Principal Leadership and School Performance
January,
2005
The Study
This study by Professor Helen Marks of Ohio State University and
Susan Printy, assistant professor in the Department of Educational
Administration, focuses on school leadership relations between
principals and teachers and examines the potential of their active
collaboration to enhance the quality of teaching and student
performance.
Findings
The authors point out that early conceptions of instructional
leadership focused on the principal’s role in managing school
processes and procedures related to instruction and supervision.

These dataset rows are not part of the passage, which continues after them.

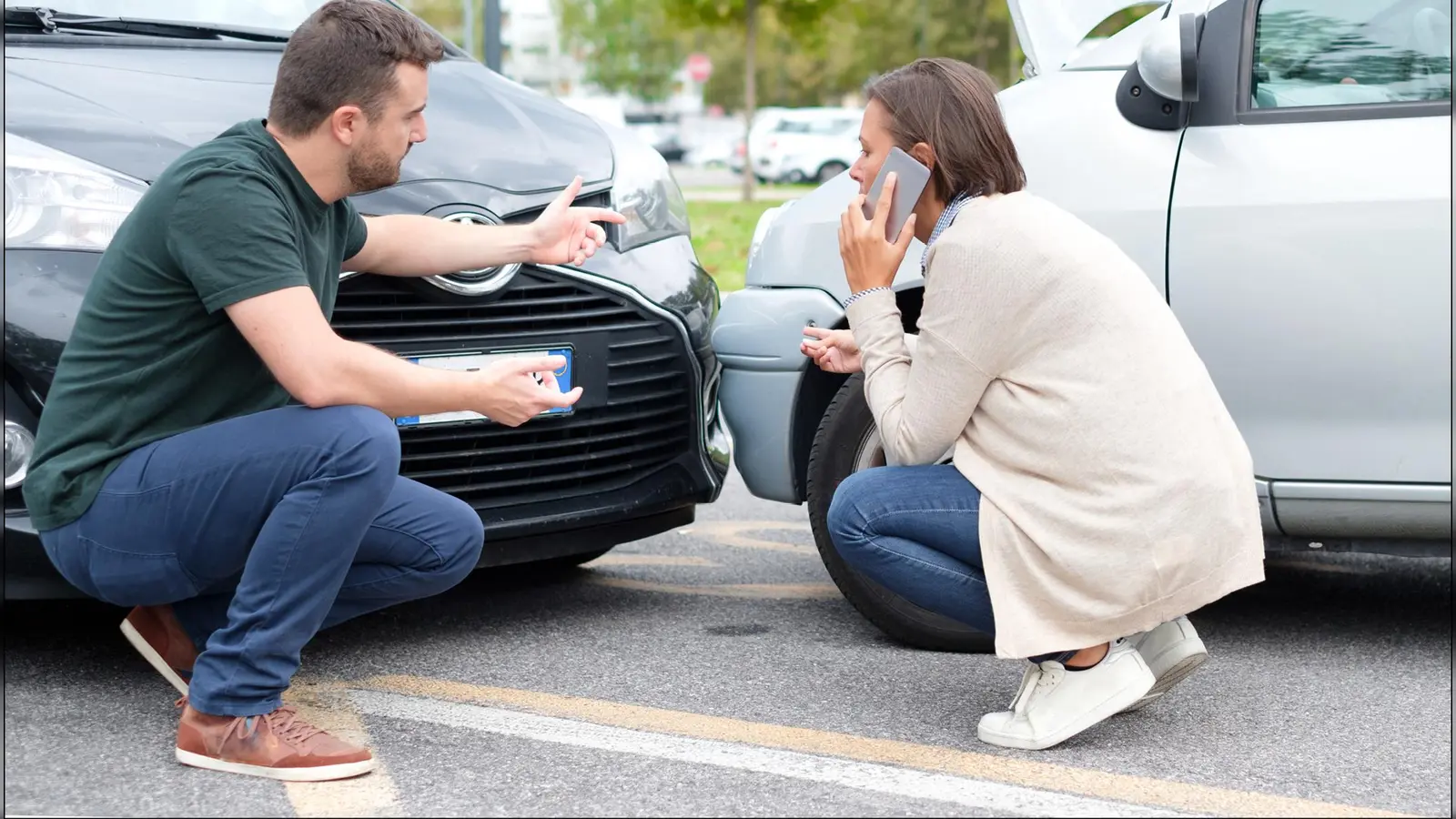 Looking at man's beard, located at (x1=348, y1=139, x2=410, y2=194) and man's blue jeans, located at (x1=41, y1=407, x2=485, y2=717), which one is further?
man's beard, located at (x1=348, y1=139, x2=410, y2=194)

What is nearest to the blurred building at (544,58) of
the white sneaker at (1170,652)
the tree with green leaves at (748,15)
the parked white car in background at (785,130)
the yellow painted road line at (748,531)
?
the parked white car in background at (785,130)

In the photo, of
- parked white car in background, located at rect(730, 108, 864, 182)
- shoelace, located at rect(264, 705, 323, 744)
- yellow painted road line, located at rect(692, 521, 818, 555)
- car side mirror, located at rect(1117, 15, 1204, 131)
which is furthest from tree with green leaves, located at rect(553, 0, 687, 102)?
shoelace, located at rect(264, 705, 323, 744)

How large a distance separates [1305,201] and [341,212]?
1.81m

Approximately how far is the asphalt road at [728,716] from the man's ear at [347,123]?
1015 millimetres

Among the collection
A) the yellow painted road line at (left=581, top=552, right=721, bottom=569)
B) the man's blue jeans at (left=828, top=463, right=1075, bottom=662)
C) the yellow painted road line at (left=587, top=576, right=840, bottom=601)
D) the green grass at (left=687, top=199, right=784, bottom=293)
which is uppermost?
the man's blue jeans at (left=828, top=463, right=1075, bottom=662)

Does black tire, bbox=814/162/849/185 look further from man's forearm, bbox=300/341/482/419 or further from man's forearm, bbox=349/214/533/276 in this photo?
man's forearm, bbox=300/341/482/419

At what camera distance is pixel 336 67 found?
8.54 ft

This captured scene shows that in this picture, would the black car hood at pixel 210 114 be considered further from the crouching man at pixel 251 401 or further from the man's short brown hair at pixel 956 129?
the man's short brown hair at pixel 956 129

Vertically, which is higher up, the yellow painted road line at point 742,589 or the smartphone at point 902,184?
the smartphone at point 902,184

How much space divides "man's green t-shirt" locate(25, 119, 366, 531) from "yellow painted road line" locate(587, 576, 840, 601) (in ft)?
4.91

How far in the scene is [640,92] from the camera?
5603 cm

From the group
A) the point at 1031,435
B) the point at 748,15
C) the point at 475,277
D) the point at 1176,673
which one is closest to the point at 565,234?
the point at 475,277

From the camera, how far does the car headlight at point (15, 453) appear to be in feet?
9.00

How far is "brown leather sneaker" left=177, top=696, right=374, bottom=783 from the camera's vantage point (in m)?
2.54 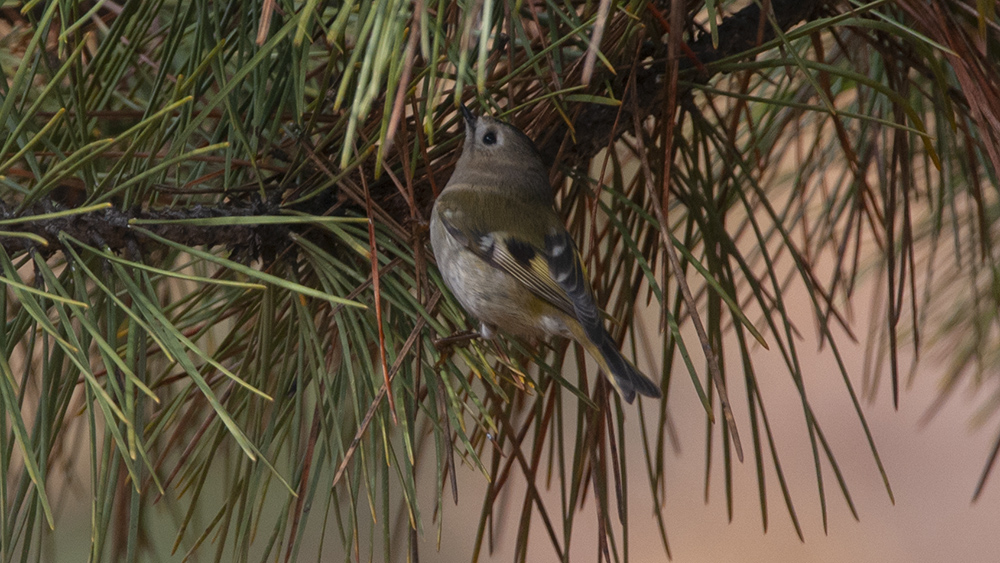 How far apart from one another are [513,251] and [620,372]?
0.66 feet

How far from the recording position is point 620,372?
2.06ft

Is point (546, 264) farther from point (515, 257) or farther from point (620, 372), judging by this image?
point (620, 372)

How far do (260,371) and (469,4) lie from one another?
0.29m

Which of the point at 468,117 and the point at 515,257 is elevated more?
the point at 468,117

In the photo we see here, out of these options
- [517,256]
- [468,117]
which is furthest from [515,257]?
[468,117]

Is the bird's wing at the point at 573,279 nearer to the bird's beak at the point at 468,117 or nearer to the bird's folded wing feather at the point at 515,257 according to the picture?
the bird's folded wing feather at the point at 515,257

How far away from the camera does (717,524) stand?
1.62 meters

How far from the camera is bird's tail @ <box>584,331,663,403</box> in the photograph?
0.61 m

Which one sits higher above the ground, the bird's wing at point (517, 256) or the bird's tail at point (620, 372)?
the bird's wing at point (517, 256)

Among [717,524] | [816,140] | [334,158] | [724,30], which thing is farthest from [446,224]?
[717,524]

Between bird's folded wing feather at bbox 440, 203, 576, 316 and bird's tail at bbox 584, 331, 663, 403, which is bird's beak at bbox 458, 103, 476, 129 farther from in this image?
bird's tail at bbox 584, 331, 663, 403

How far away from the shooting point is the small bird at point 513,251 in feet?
2.13

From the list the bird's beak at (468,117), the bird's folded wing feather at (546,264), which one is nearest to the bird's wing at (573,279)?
the bird's folded wing feather at (546,264)

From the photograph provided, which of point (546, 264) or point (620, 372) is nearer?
point (620, 372) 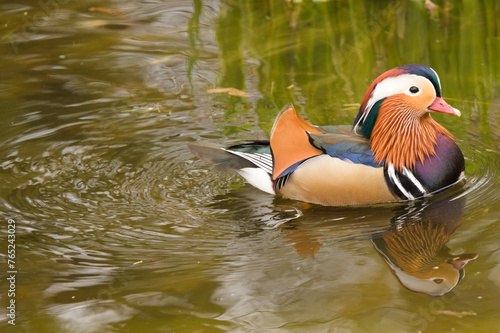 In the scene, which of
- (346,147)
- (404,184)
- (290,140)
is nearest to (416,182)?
(404,184)

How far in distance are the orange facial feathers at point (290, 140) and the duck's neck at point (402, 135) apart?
0.39 metres

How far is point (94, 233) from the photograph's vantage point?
4172 mm

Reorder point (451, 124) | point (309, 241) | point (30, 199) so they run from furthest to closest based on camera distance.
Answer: point (451, 124) → point (30, 199) → point (309, 241)

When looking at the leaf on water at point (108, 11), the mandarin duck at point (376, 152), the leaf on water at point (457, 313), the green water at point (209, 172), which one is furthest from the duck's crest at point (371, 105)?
the leaf on water at point (108, 11)

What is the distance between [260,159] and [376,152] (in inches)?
29.0

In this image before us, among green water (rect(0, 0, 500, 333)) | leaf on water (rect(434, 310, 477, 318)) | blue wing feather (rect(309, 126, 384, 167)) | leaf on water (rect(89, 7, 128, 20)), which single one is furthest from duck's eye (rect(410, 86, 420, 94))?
leaf on water (rect(89, 7, 128, 20))

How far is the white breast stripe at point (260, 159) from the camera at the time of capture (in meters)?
4.74

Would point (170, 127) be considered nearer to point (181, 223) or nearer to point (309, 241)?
point (181, 223)

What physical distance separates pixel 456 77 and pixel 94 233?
3.28 m

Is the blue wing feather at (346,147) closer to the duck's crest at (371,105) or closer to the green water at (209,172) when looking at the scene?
the duck's crest at (371,105)

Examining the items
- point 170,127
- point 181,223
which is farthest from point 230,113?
point 181,223

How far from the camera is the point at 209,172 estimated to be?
500 centimetres

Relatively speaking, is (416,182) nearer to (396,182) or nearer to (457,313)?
(396,182)

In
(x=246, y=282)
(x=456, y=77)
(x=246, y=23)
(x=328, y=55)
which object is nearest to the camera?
(x=246, y=282) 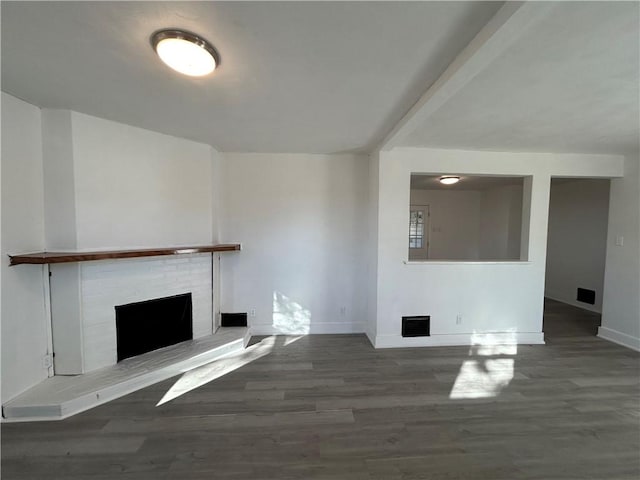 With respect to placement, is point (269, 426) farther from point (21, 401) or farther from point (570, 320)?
point (570, 320)

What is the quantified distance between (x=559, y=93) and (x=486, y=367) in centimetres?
256

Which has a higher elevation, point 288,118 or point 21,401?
point 288,118

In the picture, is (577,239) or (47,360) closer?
(47,360)

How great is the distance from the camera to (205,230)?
319 cm

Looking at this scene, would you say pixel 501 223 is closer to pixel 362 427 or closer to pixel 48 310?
pixel 362 427

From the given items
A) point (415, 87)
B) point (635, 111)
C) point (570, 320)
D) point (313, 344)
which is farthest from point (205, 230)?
point (570, 320)

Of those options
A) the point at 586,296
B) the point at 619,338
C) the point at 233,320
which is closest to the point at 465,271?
the point at 619,338

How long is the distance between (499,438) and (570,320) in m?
3.67

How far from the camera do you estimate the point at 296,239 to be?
3.56 meters

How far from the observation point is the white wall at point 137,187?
7.67 feet

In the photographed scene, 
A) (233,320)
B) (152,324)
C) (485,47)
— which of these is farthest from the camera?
(233,320)

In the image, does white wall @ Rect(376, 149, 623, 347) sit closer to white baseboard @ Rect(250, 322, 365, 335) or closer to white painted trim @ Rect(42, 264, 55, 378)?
white baseboard @ Rect(250, 322, 365, 335)

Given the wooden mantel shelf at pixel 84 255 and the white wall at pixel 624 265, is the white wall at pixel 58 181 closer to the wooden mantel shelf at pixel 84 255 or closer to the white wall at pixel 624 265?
the wooden mantel shelf at pixel 84 255

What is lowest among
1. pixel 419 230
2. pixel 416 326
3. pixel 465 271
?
pixel 416 326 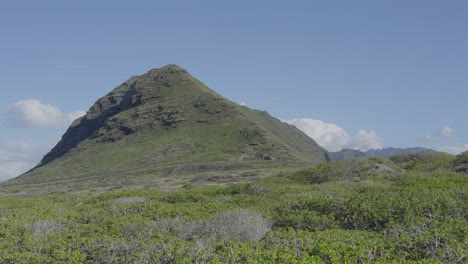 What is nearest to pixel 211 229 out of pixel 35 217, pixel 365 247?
pixel 365 247

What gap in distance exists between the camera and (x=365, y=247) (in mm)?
11000

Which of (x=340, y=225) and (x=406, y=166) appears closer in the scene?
(x=340, y=225)

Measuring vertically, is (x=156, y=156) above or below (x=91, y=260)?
above

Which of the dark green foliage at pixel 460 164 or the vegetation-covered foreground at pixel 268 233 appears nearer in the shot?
the vegetation-covered foreground at pixel 268 233

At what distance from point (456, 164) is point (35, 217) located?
34.5 metres

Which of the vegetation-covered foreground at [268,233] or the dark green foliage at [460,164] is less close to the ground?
the dark green foliage at [460,164]

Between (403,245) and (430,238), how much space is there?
2.57 ft

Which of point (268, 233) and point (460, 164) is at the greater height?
point (460, 164)

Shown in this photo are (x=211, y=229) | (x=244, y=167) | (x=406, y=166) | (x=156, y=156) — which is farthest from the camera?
(x=156, y=156)

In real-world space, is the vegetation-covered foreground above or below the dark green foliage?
below

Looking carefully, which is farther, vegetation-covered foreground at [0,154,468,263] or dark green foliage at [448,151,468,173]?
dark green foliage at [448,151,468,173]

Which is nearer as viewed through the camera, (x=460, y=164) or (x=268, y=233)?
(x=268, y=233)

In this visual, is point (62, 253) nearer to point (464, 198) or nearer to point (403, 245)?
point (403, 245)

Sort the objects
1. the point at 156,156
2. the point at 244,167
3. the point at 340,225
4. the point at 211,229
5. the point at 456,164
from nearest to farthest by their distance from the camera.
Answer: the point at 211,229 → the point at 340,225 → the point at 456,164 → the point at 244,167 → the point at 156,156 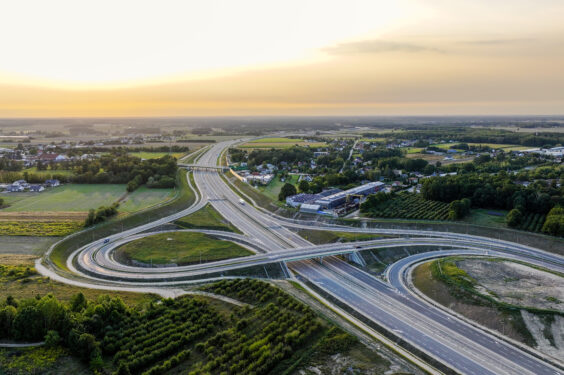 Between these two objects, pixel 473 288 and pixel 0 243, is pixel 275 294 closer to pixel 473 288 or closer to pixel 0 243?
pixel 473 288

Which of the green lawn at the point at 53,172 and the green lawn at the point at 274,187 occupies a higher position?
the green lawn at the point at 53,172

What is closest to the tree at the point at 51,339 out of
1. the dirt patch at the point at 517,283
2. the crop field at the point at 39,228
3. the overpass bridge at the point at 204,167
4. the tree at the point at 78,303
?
the tree at the point at 78,303

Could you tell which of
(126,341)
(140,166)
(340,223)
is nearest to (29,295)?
(126,341)

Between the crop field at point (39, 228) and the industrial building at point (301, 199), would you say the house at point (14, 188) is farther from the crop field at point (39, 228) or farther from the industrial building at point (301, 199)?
the industrial building at point (301, 199)

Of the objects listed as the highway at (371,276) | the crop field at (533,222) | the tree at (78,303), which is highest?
the crop field at (533,222)

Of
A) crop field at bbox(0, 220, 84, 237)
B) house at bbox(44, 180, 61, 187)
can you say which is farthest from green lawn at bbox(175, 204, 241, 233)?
house at bbox(44, 180, 61, 187)

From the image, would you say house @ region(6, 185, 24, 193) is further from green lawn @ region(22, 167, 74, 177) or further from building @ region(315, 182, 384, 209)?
building @ region(315, 182, 384, 209)

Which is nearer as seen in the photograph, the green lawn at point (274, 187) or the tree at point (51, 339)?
the tree at point (51, 339) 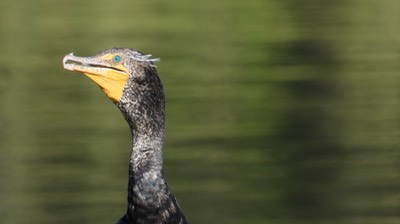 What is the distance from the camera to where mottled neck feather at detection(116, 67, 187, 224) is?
285 inches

However, school reform demanded that the principal become an agent of
change and the managerial role of instructional leader lost its
centrality. Transformational leadership emerged, which emphasized the
ingredients of change-ideas, innovation, influence, and consideration
for the individual in the process. However, transformational
leadership lacked a focus on curriculum and instruction. Under shared
instructional leadership, leadership for instruction emerges from both
the principal and the teachers. Under this model, the principal
collaborates with teachers to accomplish organizational goals for
teaching and learning. In their study, Marks and Printy sought to
understand the relationship of transformational and shared
instructional leadership to the pedagogical practices of teachers and
to student performance on measures of achievement. Using data from a
sample of 24 nationally selected restructured schools—8 elementary, 8
middle, and 8 high schools—the researchers found that transformational
leadership is a necessary but insufficient condition for instructional
leadership. When transformational and shared instructional leadership
coexist in an integrated form of leadership, the influence on school
performance, measured by the quality of its pedagogy and achievement
of its students, is substantial. “The study demonstrates the
effectiveness of integrated leadership--both transformational and
instructional—in eliciting the instructional leadership of teachers
for improving school performance. When the principal brings forth high
levels of commitment and professionalism from teachers and works
interactively with teachers in a shared instructional leadership
capacity, schools have the benefit of integrated leadership; they are
organizations that learn and perform at high levels.”
What It Means To You
What kind of leadership do principals in your district use?
Transformational? Shared instructional? Might an integrated approach
make for more powerful and effective leadership?
For More Information
Marks, H.M. & Printy, S.M. (2003). Principal leadership and school
performance: An integration of transformational and instructional
leadership. Educational Administration Quarterly, (39)3, 370-397.